** Dataset records follows **
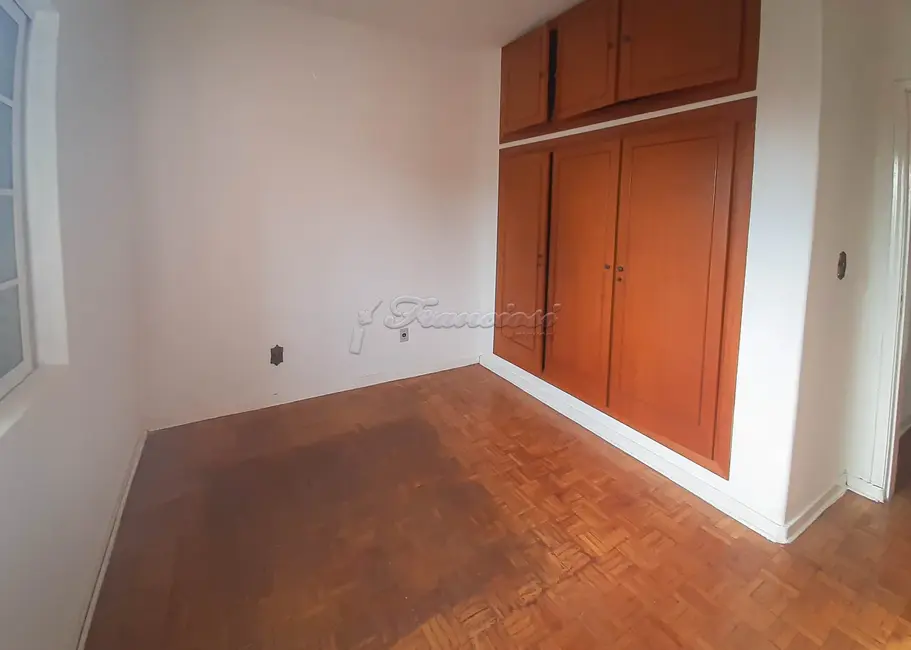 Casa com 3 quartos à venda, 305m2 em Centro, Itapetininga - SP - imagem 7 Foto 7 de Casa com 3 quartos à venda, 305m2 em Centro, Itapetininga - SP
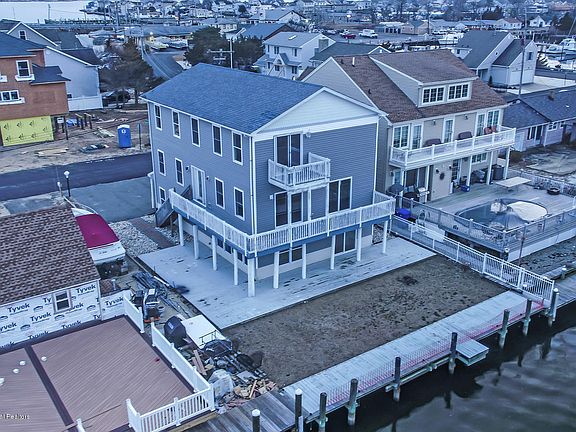 4th image of 3454 Jefferson Ave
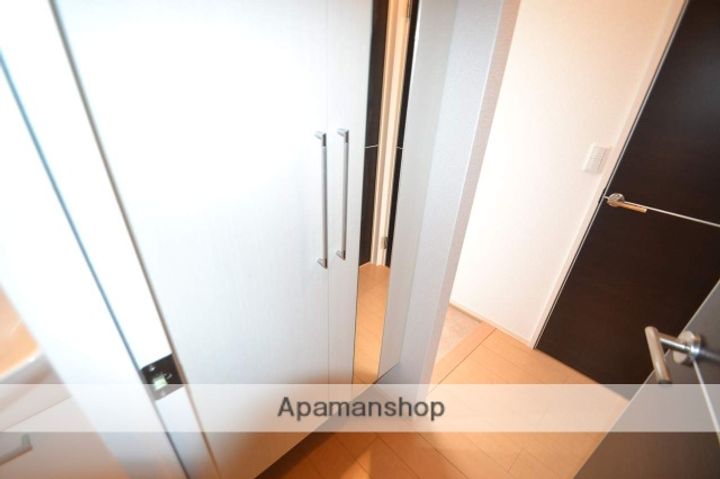 コスモポリス下見B棟103の内装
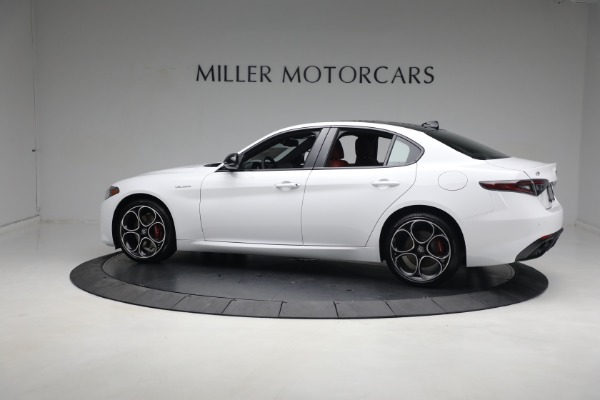New 2024 Alfa Romeo Giulia Ti for sale $55,285 at Alfa Romeo of Greenwich in Greenwich CT 06830 6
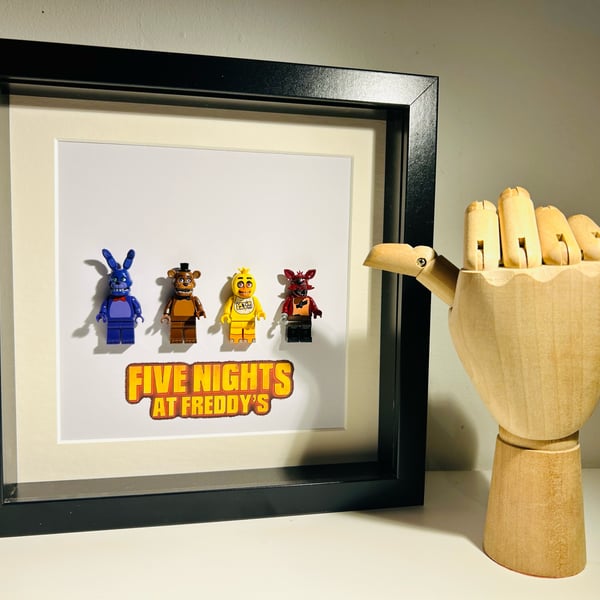 FIVE NIGHTS AT FREDDY'S - Framed custom minifigures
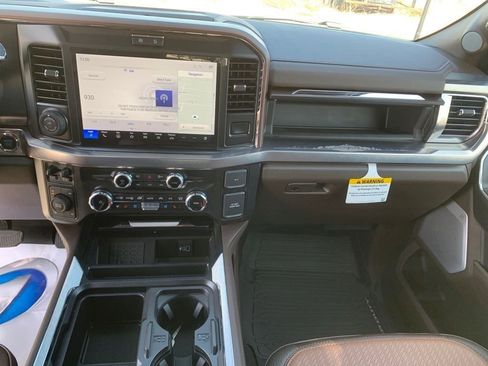 New 2025 Ford F250 King Ranch w/ Chrome Package AWD/4WD image 25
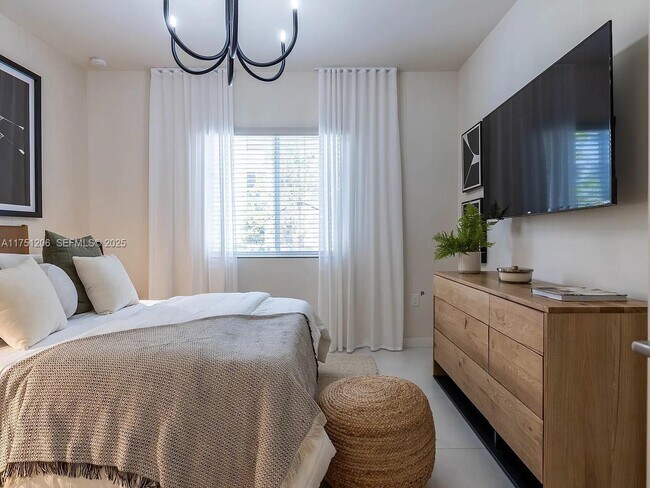 Foto del edificio - 628 NE 2nd St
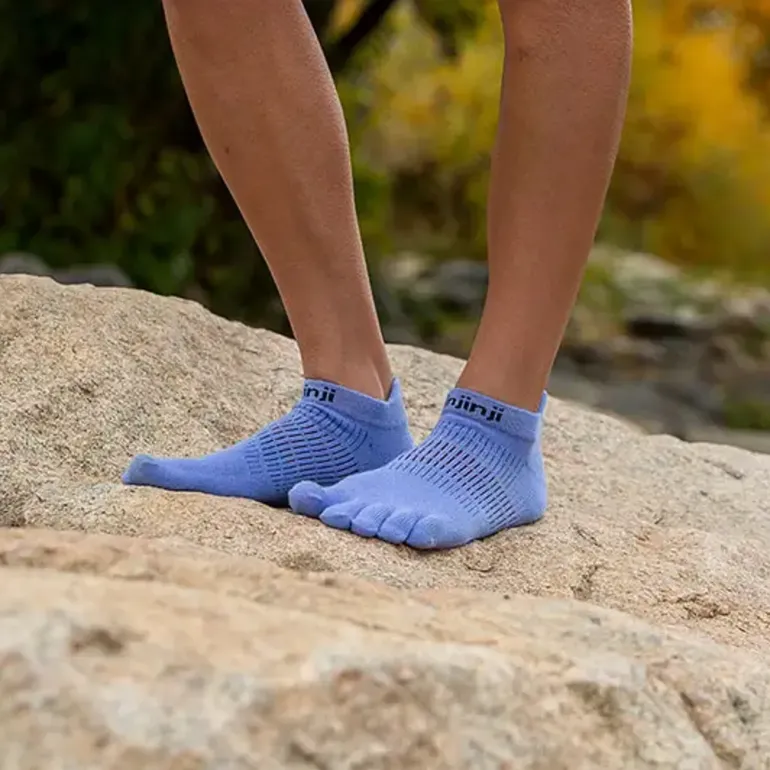 Injinji Womens Run Lightweight No Show Toe Socks - Bluebell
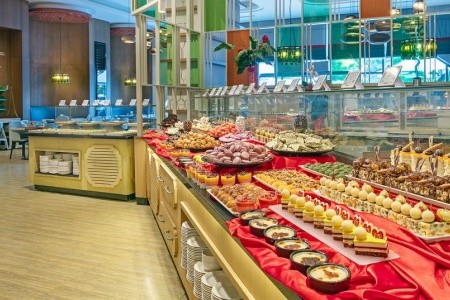 Turecko, Antalya, Titanic Beach Lara (Ex. Titanic Deluxe Beach & Resort), za <span>100.640</span> Kč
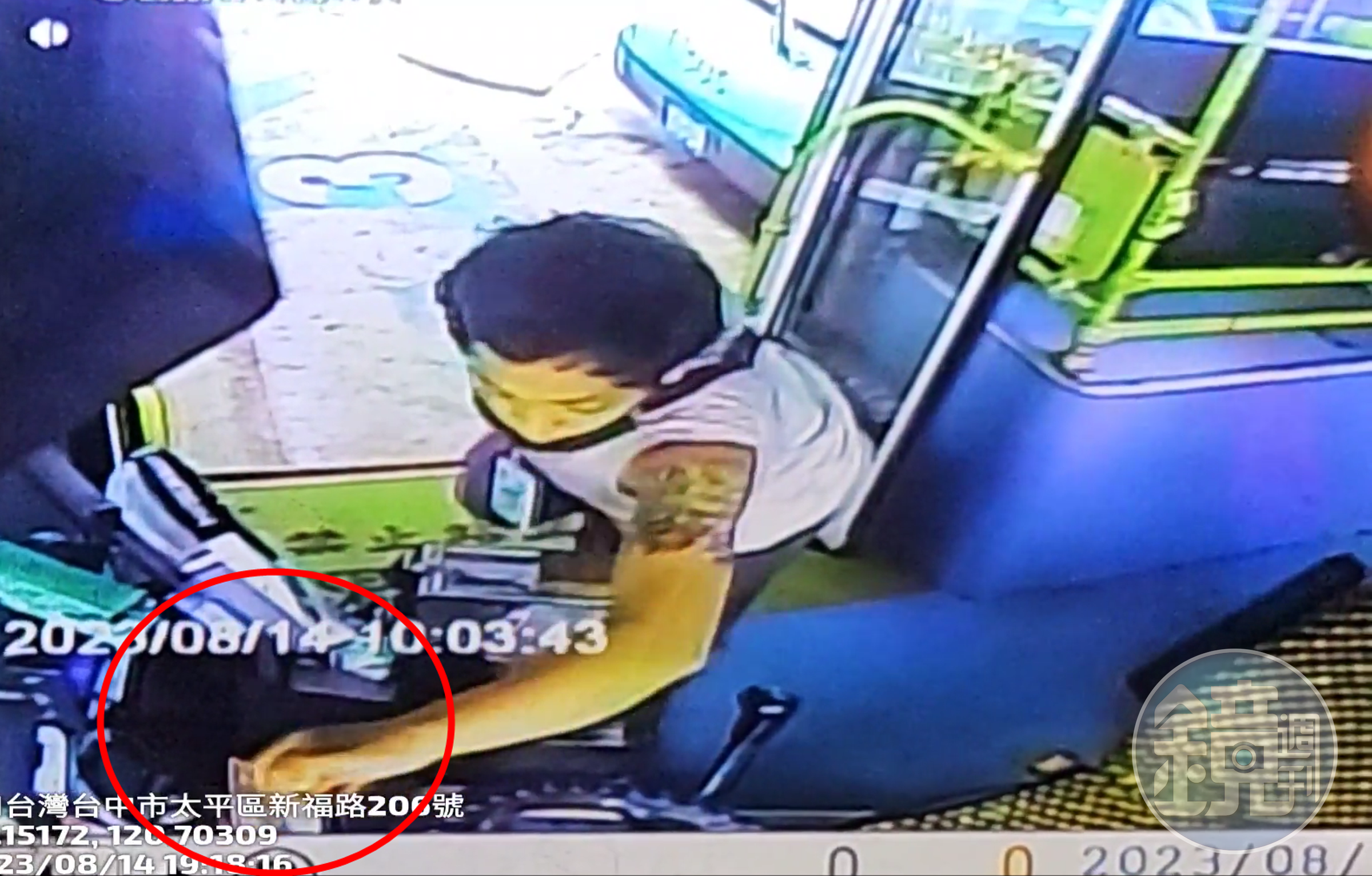 台中1名司機親手製作的大悠遊卡被乘客偷走。(翻攝自《Dcard》)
** End of Dataset records **
• Exercise aim:
Pictures must be left out. Repeat exactly the lines from the one containing "4th image of 3454 Jefferson Ave" through the final line of the data.

• Result:
 4th image of 3454 Jefferson Ave
 コスモポリス下見B棟103の内装
New 2024 Alfa Romeo Giulia Ti for sale $55,285 at Alfa Romeo of Greenwich in Greenwich CT 06830 6
 FIVE NIGHTS AT FREDDY'S - Framed custom minifigures
 New 2025 Ford F250 King Ranch w/ Chrome Package AWD/4WD image 25
 Foto del edificio - 628 NE 2nd St
 Injinji Womens Run Lightweight No Show Toe Socks - Bluebell
 Turecko, Antalya, Titanic Beach Lara (Ex. Titanic Deluxe Beach & Resort), za <span>100.640</span> Kč
 台中1名司機親手製作的大悠遊卡被乘客偷走。(翻攝自《Dcard》)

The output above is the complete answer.